+++ INFORMATION GIVEN +++

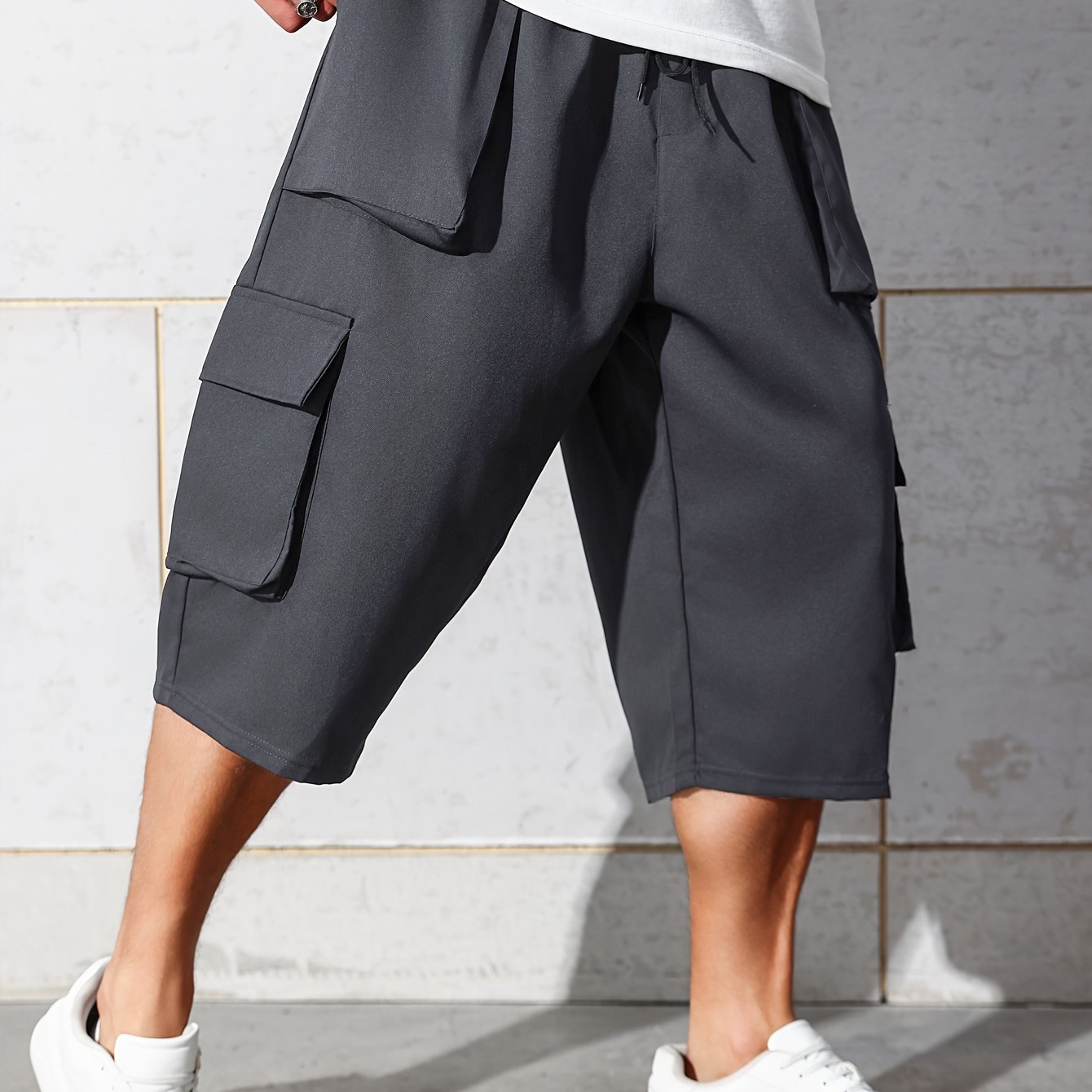 Pantalones cargo de talla grande para hombre de corte relajado hasta la rodilla con múltiples bolsillos y cintura con cordón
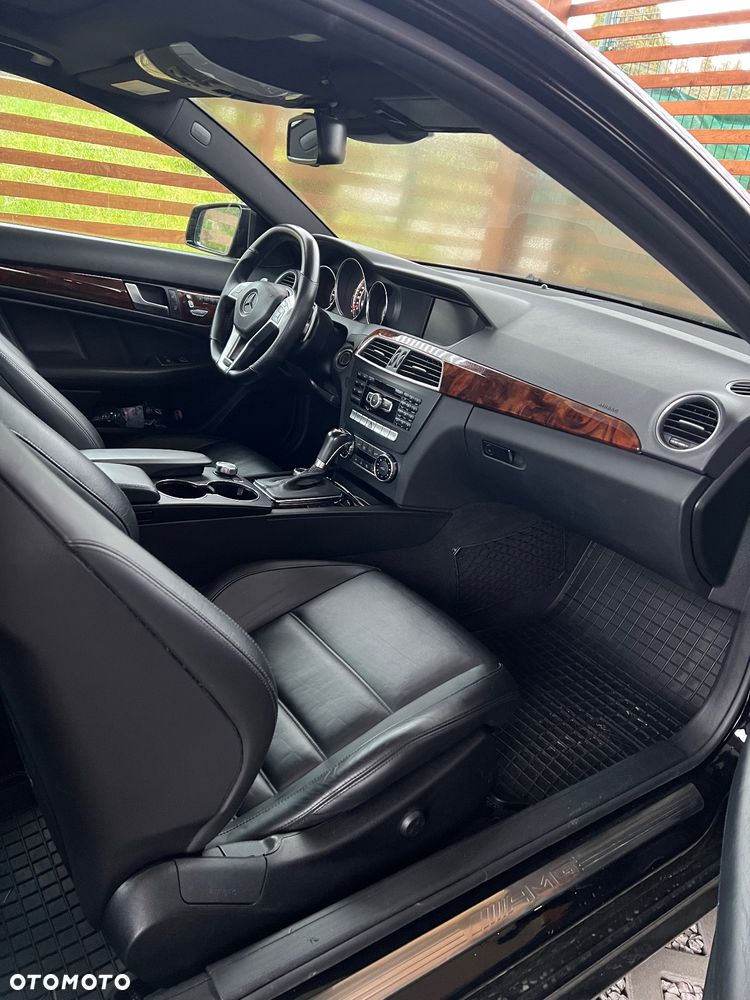 Mercedes-Benz Klasa C 63 AMG - 6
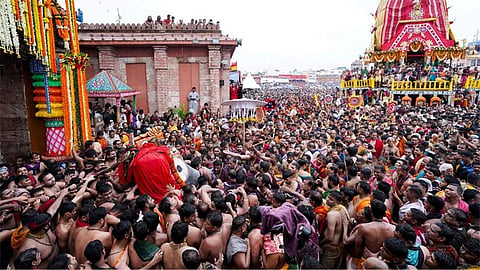பூரி ஜெகநாதர் ரத யாத்திரையின்போது 2 பக்தர்கள் உயிரிழப்பு

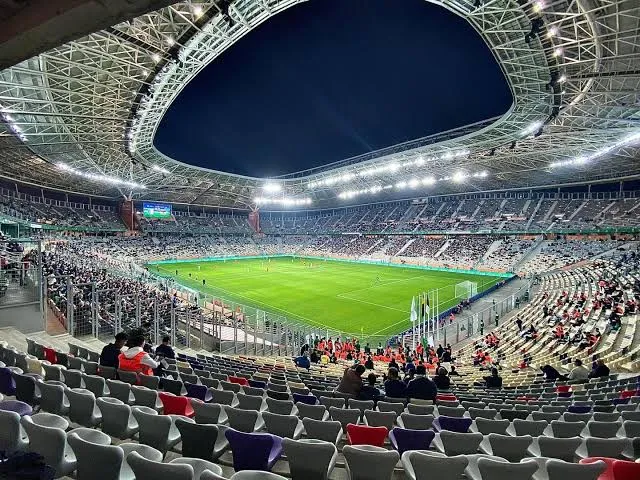 الكاف يعتمد 7 ملاعب جزائرية لاستضافة المنافسات القارية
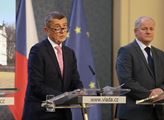 Premiér Andrej Babiš spolu s ministrem zdravotnict...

+++

Retype precisely, and only, the lines from the one holding "Mercedes-Benz Klasa C 63 AMG - 6" through the final line of the data above, with the pictures omitted.

§ **OUTPUT FOR THIS EXERCISE**
 Mercedes-Benz Klasa C 63 AMG - 6
பூரி ஜெகநாதர் ரத யாத்திரையின்போது 2 பக்தர்கள் உயிரிழப்பு

 الكاف يعتمد 7 ملاعب جزائرية لاستضافة المنافسات القارية
 Premiér Andrej Babiš spolu s ministrem zdravotnict...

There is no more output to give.